Mas, tendo em conta apenas os filmes de Daniel Craig, continuo a preferir Casino Royale, curiosamente o seu primeiro. É um filme que tem tudo isto e muito mais. Tem acção brilhante no início (e sempre ao longo do filme). Tem uma sedução mais elaborada. Tem uma história de amor que deixa marcas nos filmes que se seguem como é visível em Spectre. Tem Le Chiffre, que considero o melhor vilão de todos. Tem Daniel Craig num patamar superior (talvez por ter sido o seu primeiro filme e por ter sido muito criticado no momento da escolha). E, num registo diferente, tem Chris Cornell a cantar You Know My Name, aquela que considero a melhor música de sempre destes filmes. Curiosamente, fui comparar os dois filmes no IMDB e Spectre tem uma cotação de 7,7 enquanto Casino Royale está nos 8,0. Depois de ter visto este filme e depois de ter lido a entrevista de Daniel Craig considero que este deverá ter sido o seu último filme e acredito que aqui pode residir o factor que fará o próximo filme destacar-se dos últimos. Isto não quer dizer que Daniel Craig é mau actor, porque não é. É muito bom e tem vestido muito bem a pele de James Bond, Quer dizer apenas que será complicado dar algo novo ao agente secreto mais famoso do mundo depois de quatro filmes.

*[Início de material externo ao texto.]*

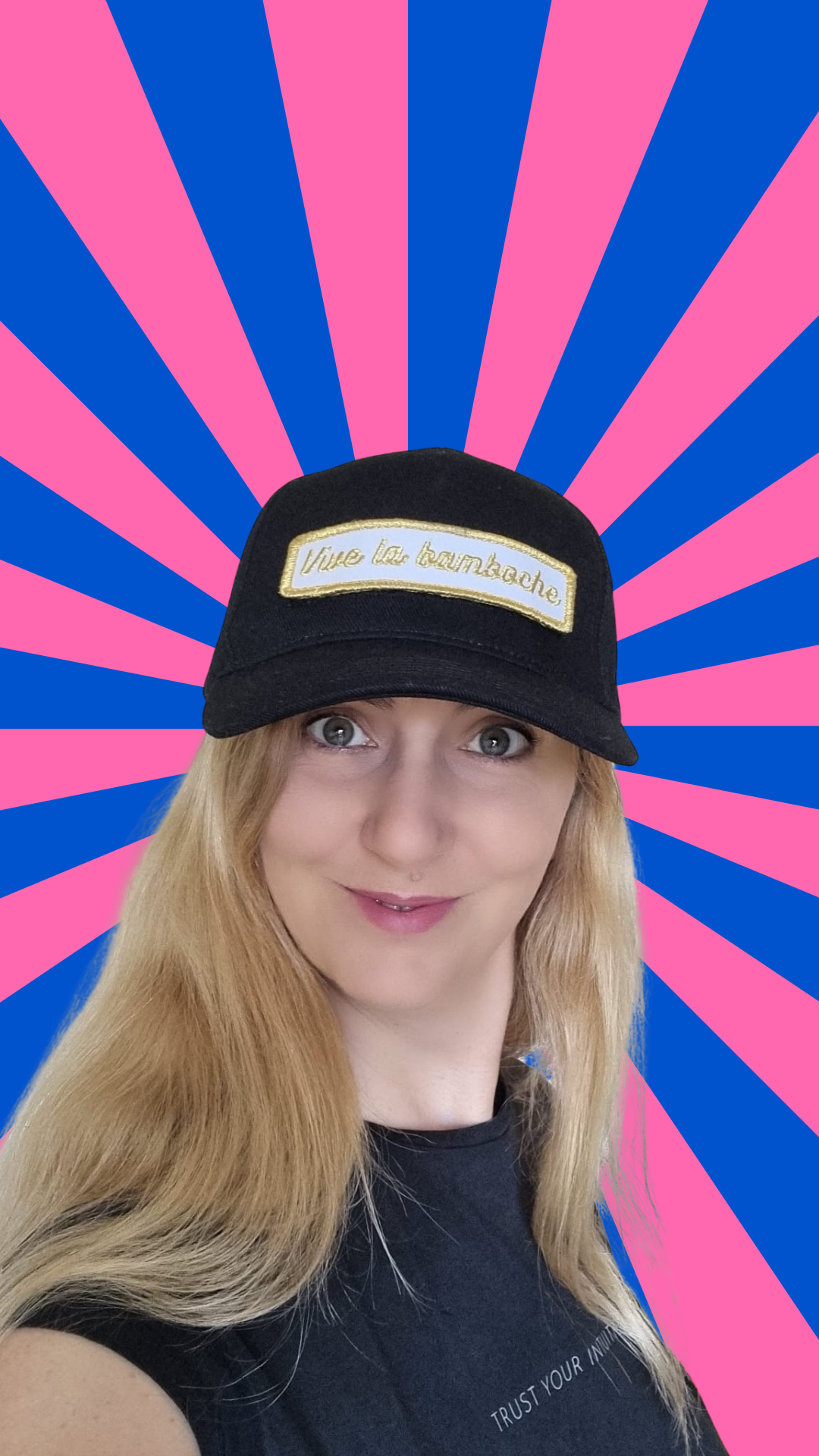 LA CASQUETTE À PATCHS INTERCHANGEABLES !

Concluindo, Spectre é um filme muito bom. Muito melhor do que Skyfall. Merece ser visto no cinema. Merece ser revisto em casa. E acredito que não irá desiludir os fãs da saga. Mas quando comparado com Casino Royale torna impossível, na minha humilde opinião, que se diga que este é o melhor de sempre e que este é também o melhor desempenho de sempre de Daniel Craig. É certo que neste "you´re a kite dancing in a hurricane, mr. Bond" - frase que marca o filme – mas continuo a preferir Casino Royale no momento de escolher o melhor de sempre.